KASHGAR, China (Reuters) - There is little doubt that in large swathes of the world’s most populous country, the Beijing Olympics are being keenly anticipated as a chance to show off China’s new global standing.
But in the far-western region of Xinjiang, where Beijing has accused al Qaeda of working with ethnic Uighur militants to use terror to establish an independent state called East Turkestan, paranoia about security means there is little Olympic cheer.
Residents and rights groups say the last few months in the lead up to the summer Games, which open on August 8, have been marked by an increasingly heavy crackdown and an ever more onerous public security burden.
This week, soldiers and police lined the street in the Xinjiang city of Kashgar, whose population is mainly from the Muslim Uighur minority, and kept all but a carefully vetted handful from witnessing the Olympic torch procession.
Local people say they were told to stay at home, and were even barred from watching the torch’s passage from their balconies. Shops were ordered bolted shut, prompting quiet yet cautious complaints from residents long used to tough restrictions.
“I’m going to lose two days of business, but what can I do?” said one Uighur man who declined to be identified.
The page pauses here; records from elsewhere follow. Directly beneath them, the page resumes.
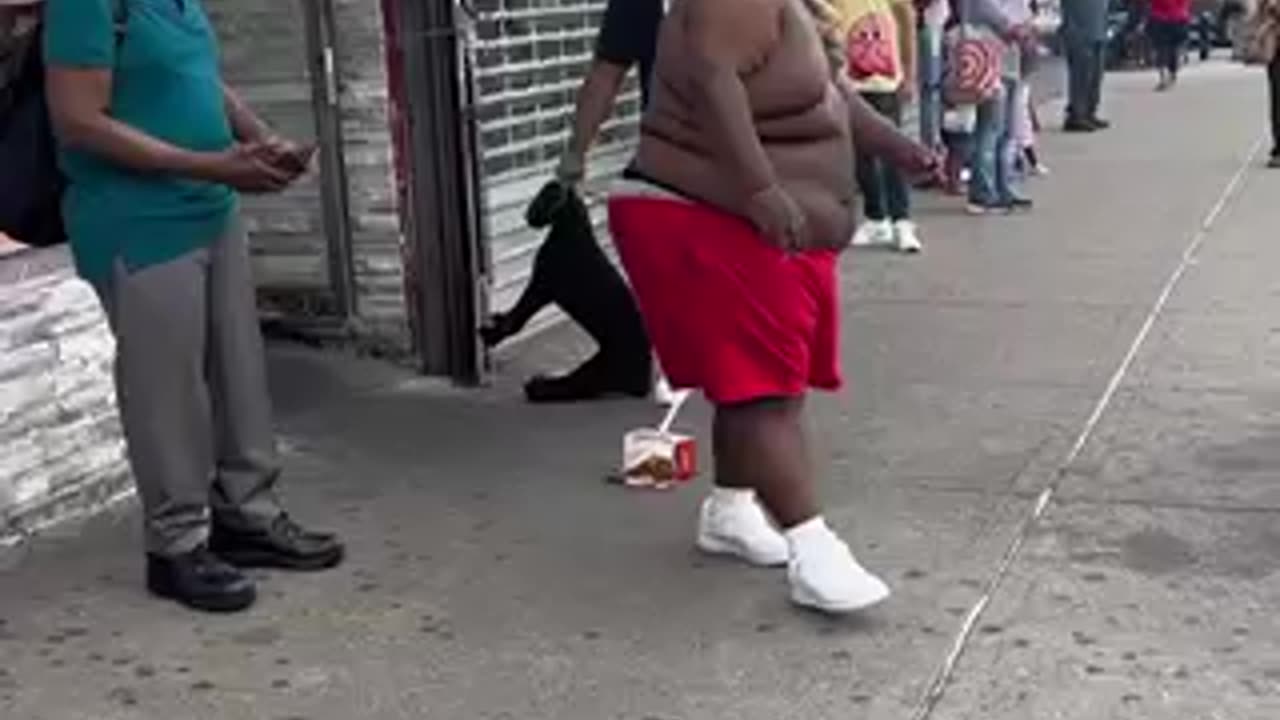 Shadow made him drop his chicken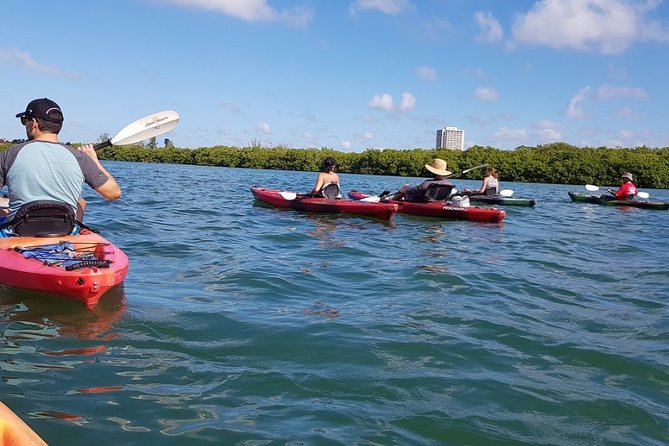 Sarasota Guided Mangrove Tunnel Kayak Tour - Paddling across Little Sarasota Bay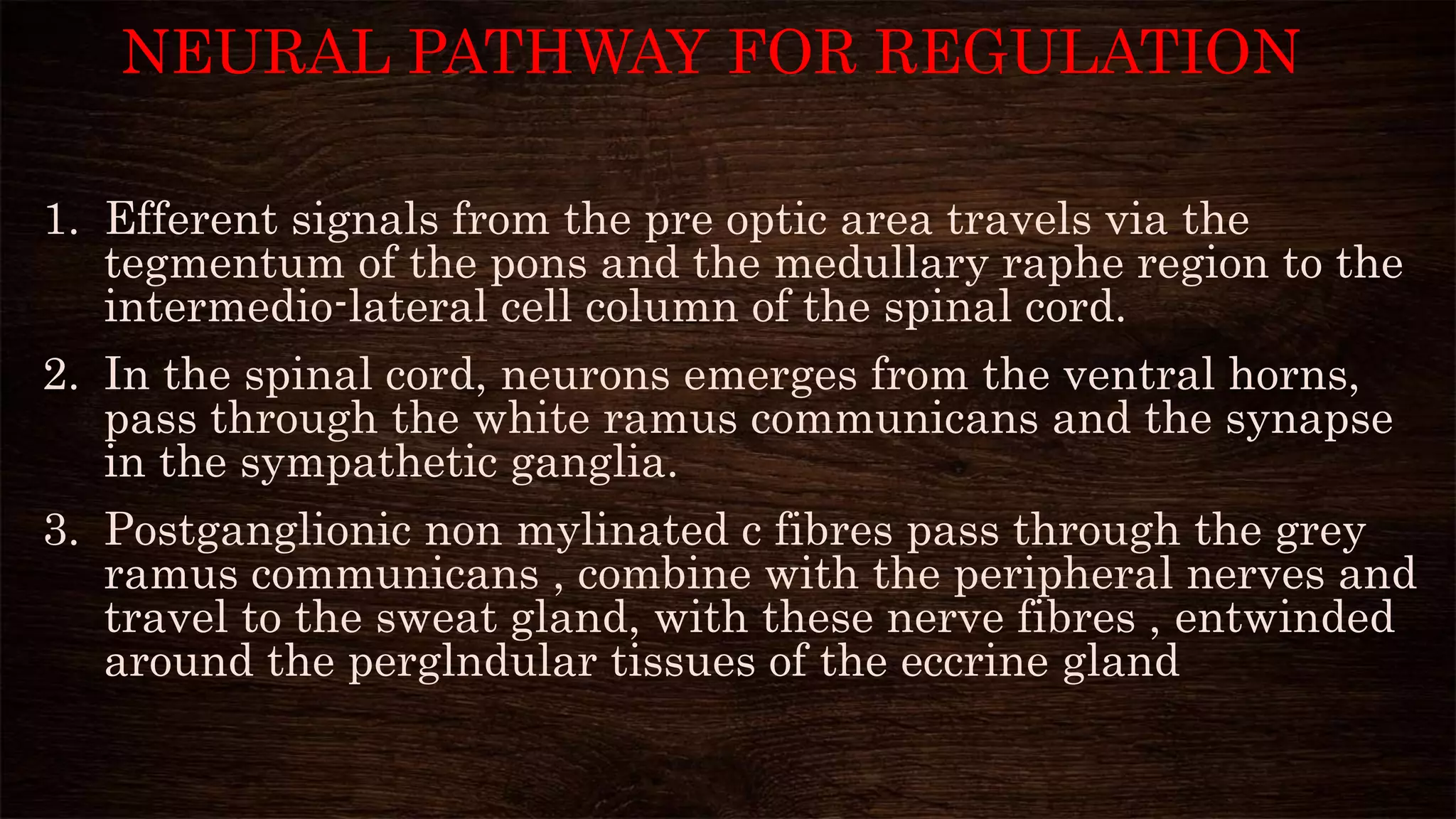 NEURAL PATHWAY FOR REGULATION
1. Efferent signals from the pre optic area travels via the
tegmentum of the pons and the medullary raphe region to the
intermedio-lateral cell column of the spinal cord.
2. In the spinal cord, neurons emerges from the ventral horns,
pass through the white ramus communicans and the synapse
in the sympathetic ganglia.
3. Postganglionic non mylinated c fibres pass through the grey
ramus communicans , combine with the peripheral nerves and
travel to the sweat gland, with these nerve fibres , entwinded
around the perglndular tissues of the eccrine gland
He runs a small convenience store on Kashgar’s main street, eerily deserted ahead of the relay, which passed without incident on Wednesday.
“Of course, I think it’s a good thing the torch is coming here,” he added hastily, wearily eying a police car parked across the road.
Xinjiang is home to 8 million Muslim Uighurs, many of whom resent the growing presence and economic grip of Han Chinese.
The government claims to have cracked two Xinjiang-based terror plots this year alone, one to try to down a Beijing-bound flight and the other to kidnap foreigners and carry out suicide attacks at the Olympics.
That has prompted a renewed tightening of the screws in oil-rich Xinjiang, according to the exiled World Uyghur Congress, which says government claims are being purposefully exaggerated.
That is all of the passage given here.